- _Task prompt_
Of all the entries below, only the lines from the one with "Com aumento do" up to and including the one with "Južnoafriški kirurgi operirali" are to be duplicated exactly.
-- Recorded information follows --
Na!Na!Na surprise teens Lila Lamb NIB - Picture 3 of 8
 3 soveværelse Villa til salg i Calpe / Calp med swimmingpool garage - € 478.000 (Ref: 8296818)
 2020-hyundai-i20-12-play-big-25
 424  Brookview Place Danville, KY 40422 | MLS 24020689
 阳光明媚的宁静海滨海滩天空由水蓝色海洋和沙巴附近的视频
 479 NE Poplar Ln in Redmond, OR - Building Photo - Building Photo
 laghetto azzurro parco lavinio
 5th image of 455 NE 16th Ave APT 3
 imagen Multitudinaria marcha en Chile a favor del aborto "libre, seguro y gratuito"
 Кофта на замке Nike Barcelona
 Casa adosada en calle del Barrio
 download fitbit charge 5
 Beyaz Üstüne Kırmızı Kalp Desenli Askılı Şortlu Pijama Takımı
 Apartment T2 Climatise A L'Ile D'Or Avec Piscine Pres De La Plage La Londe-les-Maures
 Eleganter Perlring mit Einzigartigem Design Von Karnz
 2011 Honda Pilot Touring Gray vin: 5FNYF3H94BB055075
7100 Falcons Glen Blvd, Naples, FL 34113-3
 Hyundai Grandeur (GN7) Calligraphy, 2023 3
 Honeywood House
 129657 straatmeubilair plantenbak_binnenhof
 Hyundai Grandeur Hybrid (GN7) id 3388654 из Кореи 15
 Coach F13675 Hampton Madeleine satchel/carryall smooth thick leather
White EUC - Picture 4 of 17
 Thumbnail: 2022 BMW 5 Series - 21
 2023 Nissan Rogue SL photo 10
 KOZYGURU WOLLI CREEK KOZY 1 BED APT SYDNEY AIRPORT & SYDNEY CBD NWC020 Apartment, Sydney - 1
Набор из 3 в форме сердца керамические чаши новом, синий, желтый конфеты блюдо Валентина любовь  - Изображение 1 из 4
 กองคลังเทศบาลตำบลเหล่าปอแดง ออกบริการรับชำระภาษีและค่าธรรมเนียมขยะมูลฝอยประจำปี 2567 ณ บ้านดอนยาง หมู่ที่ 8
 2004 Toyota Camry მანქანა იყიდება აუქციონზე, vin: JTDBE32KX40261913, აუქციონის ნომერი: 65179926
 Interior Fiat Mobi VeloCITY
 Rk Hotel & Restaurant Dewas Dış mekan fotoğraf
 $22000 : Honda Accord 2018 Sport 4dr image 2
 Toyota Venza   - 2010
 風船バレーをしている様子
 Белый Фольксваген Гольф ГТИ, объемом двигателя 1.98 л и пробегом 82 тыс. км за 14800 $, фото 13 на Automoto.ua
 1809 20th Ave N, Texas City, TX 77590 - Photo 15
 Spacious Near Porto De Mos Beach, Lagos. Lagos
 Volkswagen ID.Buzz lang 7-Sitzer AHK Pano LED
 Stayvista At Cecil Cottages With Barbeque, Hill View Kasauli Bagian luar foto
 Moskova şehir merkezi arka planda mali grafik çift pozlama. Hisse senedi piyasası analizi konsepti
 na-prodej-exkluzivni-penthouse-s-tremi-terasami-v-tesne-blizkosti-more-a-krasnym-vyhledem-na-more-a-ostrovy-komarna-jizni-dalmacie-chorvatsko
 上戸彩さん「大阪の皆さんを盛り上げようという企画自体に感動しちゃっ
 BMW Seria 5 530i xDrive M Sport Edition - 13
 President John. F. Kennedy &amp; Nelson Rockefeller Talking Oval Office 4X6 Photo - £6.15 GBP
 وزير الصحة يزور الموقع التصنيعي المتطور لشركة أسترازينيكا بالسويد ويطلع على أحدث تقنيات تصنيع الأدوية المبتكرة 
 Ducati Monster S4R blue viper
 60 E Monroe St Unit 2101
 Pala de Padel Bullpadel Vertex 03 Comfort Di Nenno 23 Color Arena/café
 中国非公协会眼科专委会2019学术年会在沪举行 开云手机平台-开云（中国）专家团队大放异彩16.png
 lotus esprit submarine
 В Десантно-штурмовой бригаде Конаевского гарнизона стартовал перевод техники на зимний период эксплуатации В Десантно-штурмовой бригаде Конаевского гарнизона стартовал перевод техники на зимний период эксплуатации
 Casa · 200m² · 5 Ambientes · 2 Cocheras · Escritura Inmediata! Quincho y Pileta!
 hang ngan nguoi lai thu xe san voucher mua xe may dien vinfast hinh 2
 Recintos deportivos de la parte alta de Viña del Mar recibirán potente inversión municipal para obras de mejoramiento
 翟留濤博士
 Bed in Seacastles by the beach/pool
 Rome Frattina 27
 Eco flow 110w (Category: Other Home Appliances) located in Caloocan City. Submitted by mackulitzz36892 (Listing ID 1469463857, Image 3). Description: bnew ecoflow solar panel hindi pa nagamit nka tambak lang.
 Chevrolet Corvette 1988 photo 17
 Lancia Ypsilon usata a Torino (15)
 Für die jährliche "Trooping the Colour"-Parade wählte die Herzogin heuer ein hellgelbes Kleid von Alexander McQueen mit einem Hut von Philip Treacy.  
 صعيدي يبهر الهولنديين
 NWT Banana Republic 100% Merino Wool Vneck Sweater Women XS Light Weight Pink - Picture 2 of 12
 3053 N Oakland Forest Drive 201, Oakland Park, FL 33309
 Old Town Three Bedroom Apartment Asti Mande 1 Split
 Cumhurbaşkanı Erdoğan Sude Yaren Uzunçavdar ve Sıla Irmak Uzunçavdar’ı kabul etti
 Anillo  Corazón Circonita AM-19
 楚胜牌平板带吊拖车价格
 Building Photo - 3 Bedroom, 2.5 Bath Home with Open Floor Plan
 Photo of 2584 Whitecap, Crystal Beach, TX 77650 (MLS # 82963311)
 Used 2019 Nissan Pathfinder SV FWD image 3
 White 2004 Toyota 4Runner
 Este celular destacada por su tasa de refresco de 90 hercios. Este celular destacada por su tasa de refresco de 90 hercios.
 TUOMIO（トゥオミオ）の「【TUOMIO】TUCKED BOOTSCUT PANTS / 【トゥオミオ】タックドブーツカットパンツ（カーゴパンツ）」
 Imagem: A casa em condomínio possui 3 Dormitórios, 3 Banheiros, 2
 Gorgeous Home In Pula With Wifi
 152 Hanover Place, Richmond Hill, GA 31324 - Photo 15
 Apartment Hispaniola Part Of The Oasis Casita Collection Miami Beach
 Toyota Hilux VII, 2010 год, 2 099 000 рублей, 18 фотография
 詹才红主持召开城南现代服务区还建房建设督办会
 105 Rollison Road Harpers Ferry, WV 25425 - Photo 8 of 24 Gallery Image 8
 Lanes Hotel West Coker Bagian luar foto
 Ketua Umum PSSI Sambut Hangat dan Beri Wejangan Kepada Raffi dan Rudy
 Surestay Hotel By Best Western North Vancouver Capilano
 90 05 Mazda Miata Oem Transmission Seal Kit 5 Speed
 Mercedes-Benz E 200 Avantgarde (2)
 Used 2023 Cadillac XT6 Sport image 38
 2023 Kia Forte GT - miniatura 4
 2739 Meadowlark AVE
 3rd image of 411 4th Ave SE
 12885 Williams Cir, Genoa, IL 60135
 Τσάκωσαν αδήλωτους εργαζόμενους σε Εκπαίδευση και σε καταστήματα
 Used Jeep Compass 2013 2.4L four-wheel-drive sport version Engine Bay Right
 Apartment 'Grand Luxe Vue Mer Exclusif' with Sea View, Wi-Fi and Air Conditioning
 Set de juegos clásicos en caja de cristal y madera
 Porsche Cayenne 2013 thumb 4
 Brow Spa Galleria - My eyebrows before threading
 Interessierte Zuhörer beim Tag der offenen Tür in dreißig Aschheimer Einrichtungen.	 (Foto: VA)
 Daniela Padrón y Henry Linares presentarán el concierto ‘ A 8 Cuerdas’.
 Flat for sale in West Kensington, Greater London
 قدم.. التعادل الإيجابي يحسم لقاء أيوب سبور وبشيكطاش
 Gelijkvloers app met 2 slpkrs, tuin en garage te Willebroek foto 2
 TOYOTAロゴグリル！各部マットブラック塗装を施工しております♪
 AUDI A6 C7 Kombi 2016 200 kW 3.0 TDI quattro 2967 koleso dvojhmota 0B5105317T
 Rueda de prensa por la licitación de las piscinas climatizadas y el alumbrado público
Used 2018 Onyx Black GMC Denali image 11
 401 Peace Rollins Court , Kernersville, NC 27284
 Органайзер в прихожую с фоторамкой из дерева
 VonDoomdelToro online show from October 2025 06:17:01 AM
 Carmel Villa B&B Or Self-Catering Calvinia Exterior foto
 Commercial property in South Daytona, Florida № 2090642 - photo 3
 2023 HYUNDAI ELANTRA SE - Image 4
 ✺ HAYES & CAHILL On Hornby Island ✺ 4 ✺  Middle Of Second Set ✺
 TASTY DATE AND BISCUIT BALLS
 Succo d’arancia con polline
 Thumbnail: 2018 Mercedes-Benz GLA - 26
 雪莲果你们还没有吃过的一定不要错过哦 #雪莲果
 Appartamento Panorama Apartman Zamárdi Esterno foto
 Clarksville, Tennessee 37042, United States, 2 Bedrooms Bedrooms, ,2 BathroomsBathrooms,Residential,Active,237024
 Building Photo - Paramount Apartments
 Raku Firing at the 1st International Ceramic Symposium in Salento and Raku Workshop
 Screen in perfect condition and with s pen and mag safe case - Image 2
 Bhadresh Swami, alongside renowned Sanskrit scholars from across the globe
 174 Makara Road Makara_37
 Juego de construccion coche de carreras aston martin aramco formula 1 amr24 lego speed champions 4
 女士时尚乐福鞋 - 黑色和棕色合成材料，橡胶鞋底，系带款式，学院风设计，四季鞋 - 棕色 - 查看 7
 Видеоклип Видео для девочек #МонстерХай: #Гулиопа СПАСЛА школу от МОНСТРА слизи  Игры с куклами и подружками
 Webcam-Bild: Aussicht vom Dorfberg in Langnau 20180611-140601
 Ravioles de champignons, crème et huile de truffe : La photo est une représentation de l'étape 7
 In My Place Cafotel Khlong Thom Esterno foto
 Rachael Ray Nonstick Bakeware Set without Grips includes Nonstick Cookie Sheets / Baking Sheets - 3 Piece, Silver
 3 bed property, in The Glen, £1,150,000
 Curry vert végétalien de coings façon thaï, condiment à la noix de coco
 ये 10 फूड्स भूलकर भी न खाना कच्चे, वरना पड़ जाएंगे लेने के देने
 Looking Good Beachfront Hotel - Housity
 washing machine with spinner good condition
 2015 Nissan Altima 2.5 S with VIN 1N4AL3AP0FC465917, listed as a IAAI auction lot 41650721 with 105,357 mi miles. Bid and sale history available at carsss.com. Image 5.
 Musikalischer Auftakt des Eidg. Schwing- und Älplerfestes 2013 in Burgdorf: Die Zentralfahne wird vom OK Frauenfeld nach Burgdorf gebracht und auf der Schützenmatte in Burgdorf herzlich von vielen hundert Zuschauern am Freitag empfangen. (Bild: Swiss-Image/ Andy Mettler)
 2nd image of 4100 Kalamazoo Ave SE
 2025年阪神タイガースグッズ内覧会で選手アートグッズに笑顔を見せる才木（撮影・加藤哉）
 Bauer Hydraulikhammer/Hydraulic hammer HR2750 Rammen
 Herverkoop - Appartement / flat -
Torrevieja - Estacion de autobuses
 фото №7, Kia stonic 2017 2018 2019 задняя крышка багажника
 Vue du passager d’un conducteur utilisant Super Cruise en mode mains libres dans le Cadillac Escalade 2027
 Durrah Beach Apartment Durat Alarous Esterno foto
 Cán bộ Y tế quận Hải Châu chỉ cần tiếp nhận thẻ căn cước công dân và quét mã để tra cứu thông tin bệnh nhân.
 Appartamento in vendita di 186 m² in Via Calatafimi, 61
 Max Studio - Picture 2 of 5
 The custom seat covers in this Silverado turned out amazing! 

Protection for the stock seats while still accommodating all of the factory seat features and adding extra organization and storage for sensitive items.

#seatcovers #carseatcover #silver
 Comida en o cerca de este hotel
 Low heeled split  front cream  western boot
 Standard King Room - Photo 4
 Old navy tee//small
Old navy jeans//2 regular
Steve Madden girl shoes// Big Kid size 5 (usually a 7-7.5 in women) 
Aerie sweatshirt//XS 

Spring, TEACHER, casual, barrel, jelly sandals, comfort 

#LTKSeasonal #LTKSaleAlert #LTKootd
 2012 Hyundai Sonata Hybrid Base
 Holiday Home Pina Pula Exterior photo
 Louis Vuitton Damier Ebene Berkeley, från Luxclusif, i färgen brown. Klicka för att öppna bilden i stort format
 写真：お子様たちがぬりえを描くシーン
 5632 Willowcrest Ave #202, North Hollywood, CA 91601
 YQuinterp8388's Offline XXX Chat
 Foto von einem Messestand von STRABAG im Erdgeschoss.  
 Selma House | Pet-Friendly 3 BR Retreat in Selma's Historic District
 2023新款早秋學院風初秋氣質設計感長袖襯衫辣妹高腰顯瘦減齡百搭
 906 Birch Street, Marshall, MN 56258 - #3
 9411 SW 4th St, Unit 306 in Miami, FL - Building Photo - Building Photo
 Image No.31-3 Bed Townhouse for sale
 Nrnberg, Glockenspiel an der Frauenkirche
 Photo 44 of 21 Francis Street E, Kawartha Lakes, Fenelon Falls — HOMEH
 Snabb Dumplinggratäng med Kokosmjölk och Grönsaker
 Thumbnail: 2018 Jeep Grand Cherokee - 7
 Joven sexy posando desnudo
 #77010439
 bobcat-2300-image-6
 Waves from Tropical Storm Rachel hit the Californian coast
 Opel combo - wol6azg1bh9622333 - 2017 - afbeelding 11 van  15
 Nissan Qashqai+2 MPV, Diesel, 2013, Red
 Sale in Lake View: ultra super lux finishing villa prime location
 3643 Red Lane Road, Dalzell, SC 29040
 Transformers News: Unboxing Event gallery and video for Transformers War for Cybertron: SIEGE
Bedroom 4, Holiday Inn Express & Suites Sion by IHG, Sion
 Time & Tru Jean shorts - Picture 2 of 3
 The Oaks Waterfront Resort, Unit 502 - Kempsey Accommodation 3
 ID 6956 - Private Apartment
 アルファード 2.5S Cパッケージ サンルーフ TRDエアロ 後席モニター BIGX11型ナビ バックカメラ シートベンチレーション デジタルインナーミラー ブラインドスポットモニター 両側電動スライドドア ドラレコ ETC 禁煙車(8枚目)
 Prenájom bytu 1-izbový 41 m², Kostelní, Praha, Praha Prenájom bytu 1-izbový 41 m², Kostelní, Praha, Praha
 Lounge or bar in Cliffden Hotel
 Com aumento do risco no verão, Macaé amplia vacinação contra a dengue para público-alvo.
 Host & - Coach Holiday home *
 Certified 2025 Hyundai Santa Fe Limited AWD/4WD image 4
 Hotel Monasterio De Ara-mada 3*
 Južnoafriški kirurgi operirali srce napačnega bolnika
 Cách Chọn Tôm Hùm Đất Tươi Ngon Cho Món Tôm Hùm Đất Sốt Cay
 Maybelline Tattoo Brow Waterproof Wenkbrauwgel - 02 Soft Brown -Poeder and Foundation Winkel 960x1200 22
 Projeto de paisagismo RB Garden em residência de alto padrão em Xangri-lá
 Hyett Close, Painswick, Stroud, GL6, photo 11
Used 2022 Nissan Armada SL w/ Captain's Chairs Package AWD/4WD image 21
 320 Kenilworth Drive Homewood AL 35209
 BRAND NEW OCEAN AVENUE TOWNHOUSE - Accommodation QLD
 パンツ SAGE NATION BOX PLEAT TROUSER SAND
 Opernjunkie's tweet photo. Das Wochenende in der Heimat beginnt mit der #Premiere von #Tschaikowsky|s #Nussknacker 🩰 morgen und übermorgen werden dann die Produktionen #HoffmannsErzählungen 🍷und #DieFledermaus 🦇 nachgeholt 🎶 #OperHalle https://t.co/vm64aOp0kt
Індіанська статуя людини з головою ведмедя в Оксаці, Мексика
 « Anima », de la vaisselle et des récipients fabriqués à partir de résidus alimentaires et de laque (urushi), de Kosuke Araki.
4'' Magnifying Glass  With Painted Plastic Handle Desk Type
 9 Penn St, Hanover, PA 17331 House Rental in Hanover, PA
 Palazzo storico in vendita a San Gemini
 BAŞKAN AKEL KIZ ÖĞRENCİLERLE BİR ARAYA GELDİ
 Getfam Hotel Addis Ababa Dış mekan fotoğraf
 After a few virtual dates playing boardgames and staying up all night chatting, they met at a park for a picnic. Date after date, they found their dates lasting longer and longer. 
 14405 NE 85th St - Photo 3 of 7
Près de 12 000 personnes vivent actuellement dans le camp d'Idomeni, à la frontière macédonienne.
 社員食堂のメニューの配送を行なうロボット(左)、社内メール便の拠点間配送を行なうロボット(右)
-- Recorded information concluded --
- _Expected output_
 Com aumento do risco no verão, Macaé amplia vacinação contra a dengue para público-alvo.
 Host & - Coach Holiday home *
 Certified 2025 Hyundai Santa Fe Limited AWD/4WD image 4
 Hotel Monasterio De Ara-mada 3*
 Južnoafriški kirurgi operirali srce napačnega bolnika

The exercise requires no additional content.